» DIRECTIONS FOR THIS TASK: Each record that follows is to be reproduced character for character, pictures excepted.

Caption-style text data:
##############################
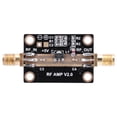 thumbnail image 1 of 0.05-4GHZ Amplificador de bajo ruido NF = 0.6dB Módulo de frecuencia del amplificador Alta linealidad, 1 of 9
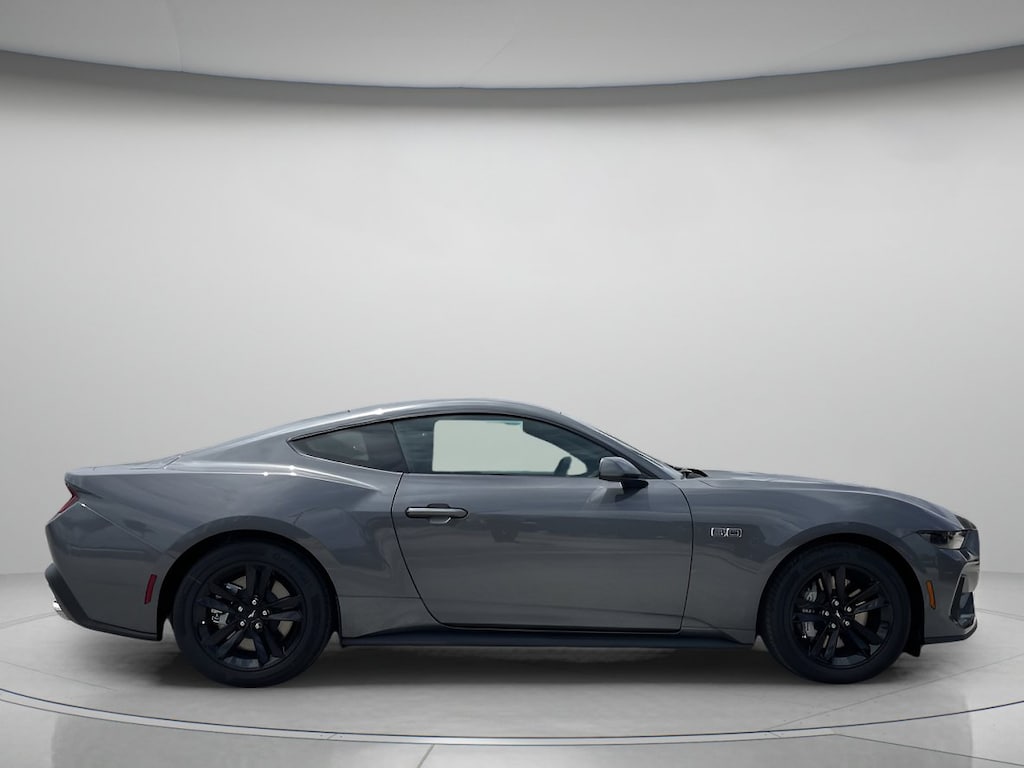 New 2026 Ford Mustang GT 2dr Car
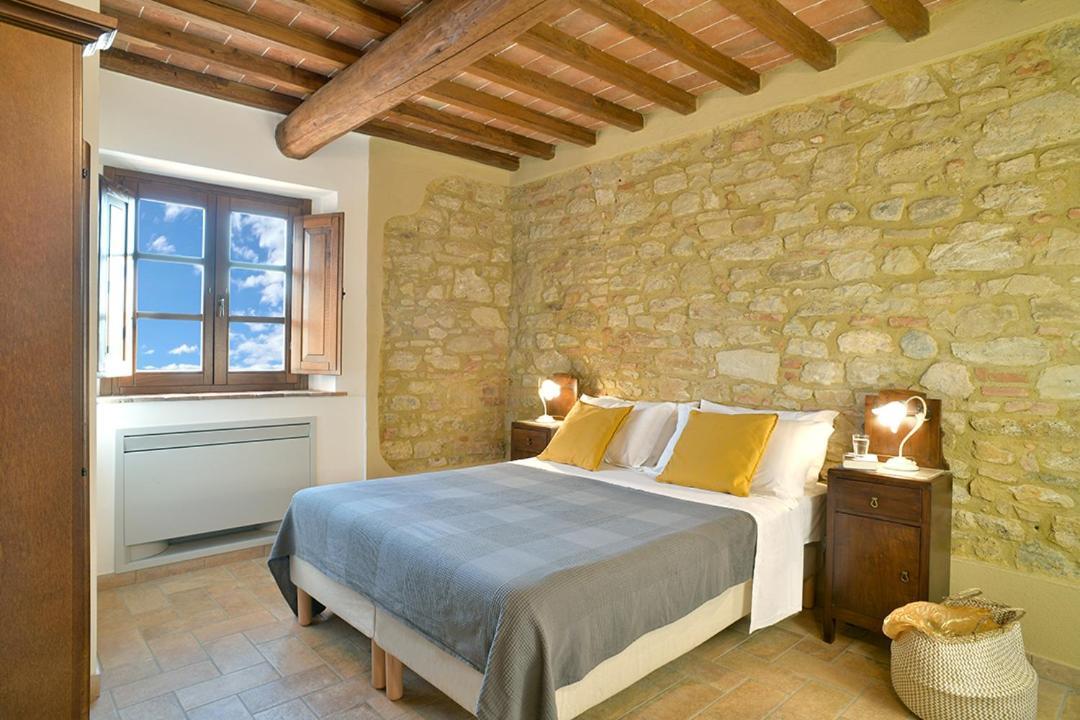Podere La Querciola Guardistallo Bagian luar foto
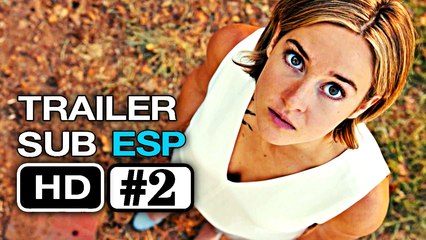 Trailer #2 Subtitulado | Divergent 3: Allegiant (Divergente 3: Leal) (HD) Miles Teller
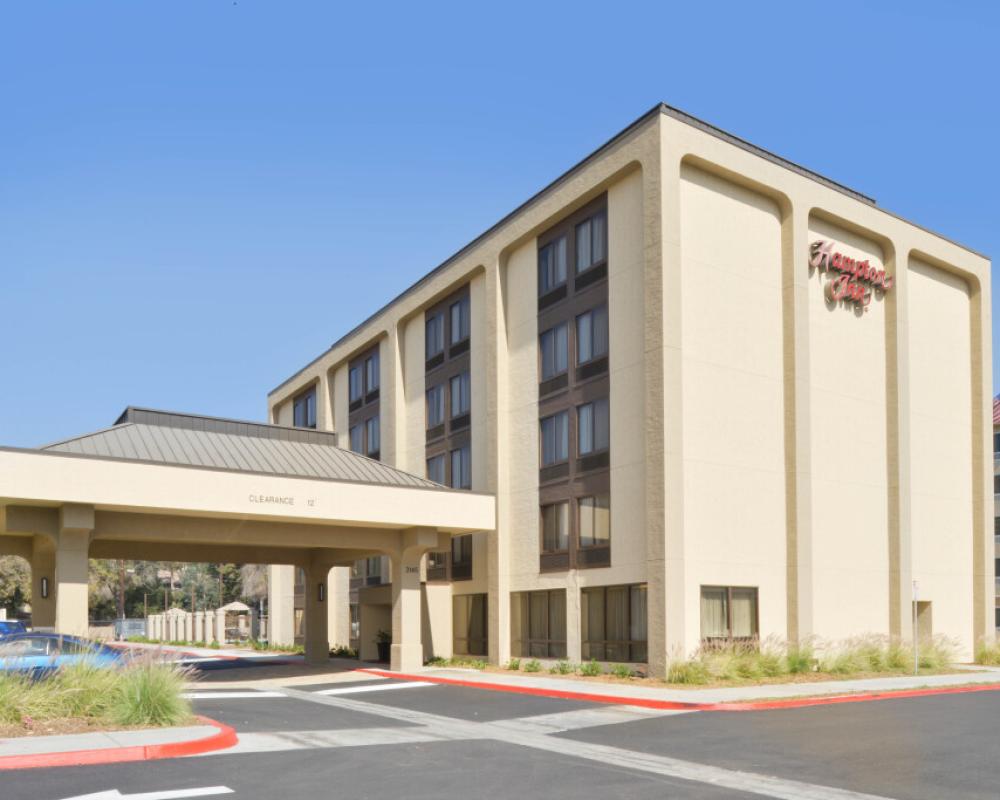 Hampton Inn Los AngelesWest Covina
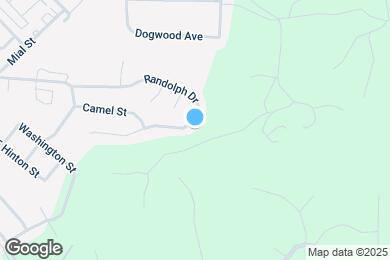 Map image of the property - 417 Randolph Dr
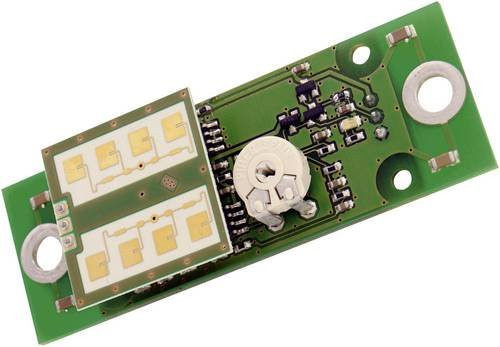 RAD-MOD Radar-Bewegungsmelder von B + B Thermo-Technik, Farbe: Grün, L x B x H: 73 x 26 x 16 mm, Reichweite max. 15m, 8 - 15 V/DC - Bild 1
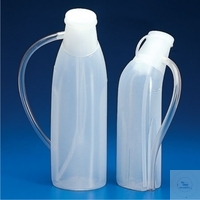 Spare bottle 500ml eye wash station Spare bottle, 500 ml, for eye wash station, with article no....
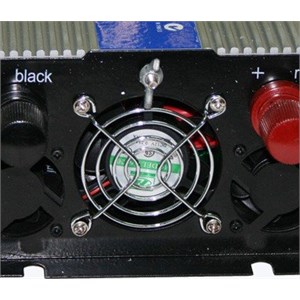 Good air circulation is critical for safety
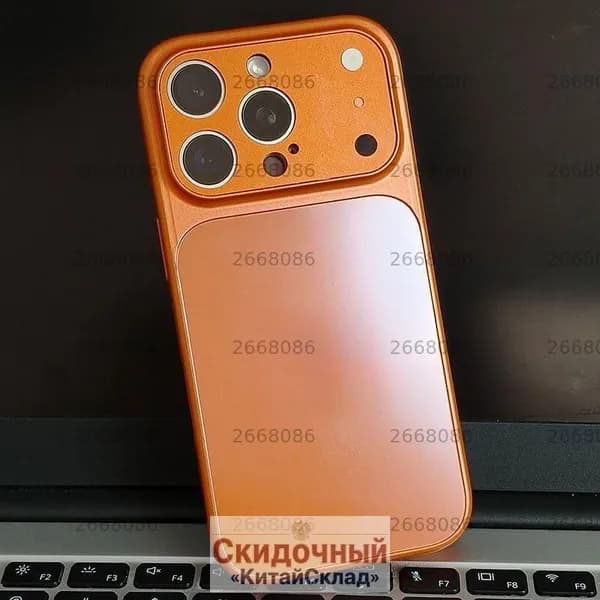 Муляж телефона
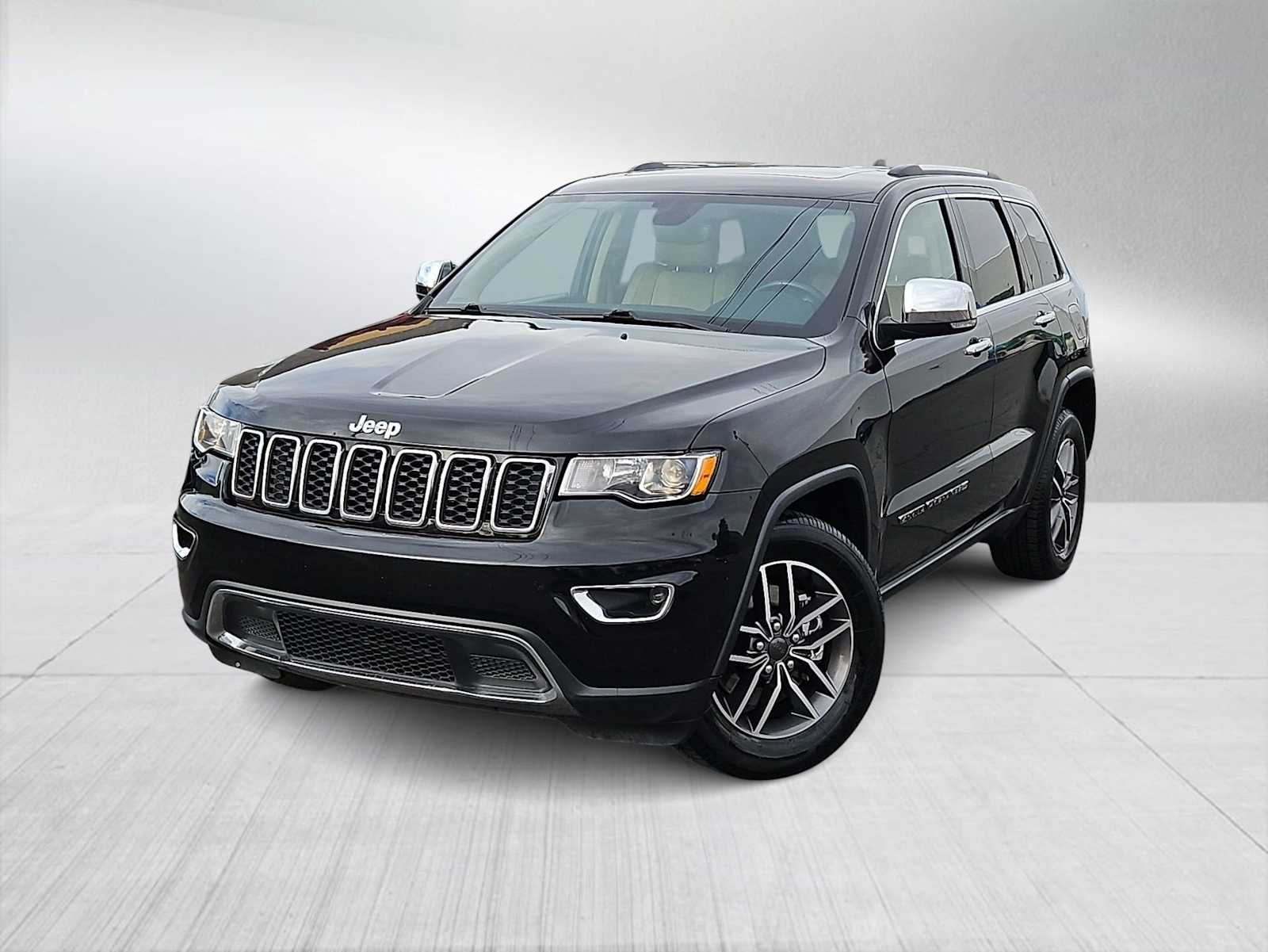 2022 Jeep Grand Cherokee WK Limited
##############################
» TASK RESULT:
 thumbnail image 1 of 0.05-4GHZ Amplificador de bajo ruido NF = 0.6dB Módulo de frecuencia del amplificador Alta linealidad, 1 of 9
 New 2026 Ford Mustang GT 2dr Car
Podere La Querciola Guardistallo Bagian luar foto
 Trailer #2 Subtitulado | Divergent 3: Allegiant (Divergente 3: Leal) (HD) Miles Teller
 Hampton Inn Los AngelesWest Covina
 Map image of the property - 417 Randolph Dr
 RAD-MOD Radar-Bewegungsmelder von B + B Thermo-Technik, Farbe: Grün, L x B x H: 73 x 26 x 16 mm, Reichweite max. 15m, 8 - 15 V/DC - Bild 1
 Spare bottle 500ml eye wash station Spare bottle, 500 ml, for eye wash station, with article no....
 Good air circulation is critical for safety
 Муляж телефона
 2022 Jeep Grand Cherokee WK Limited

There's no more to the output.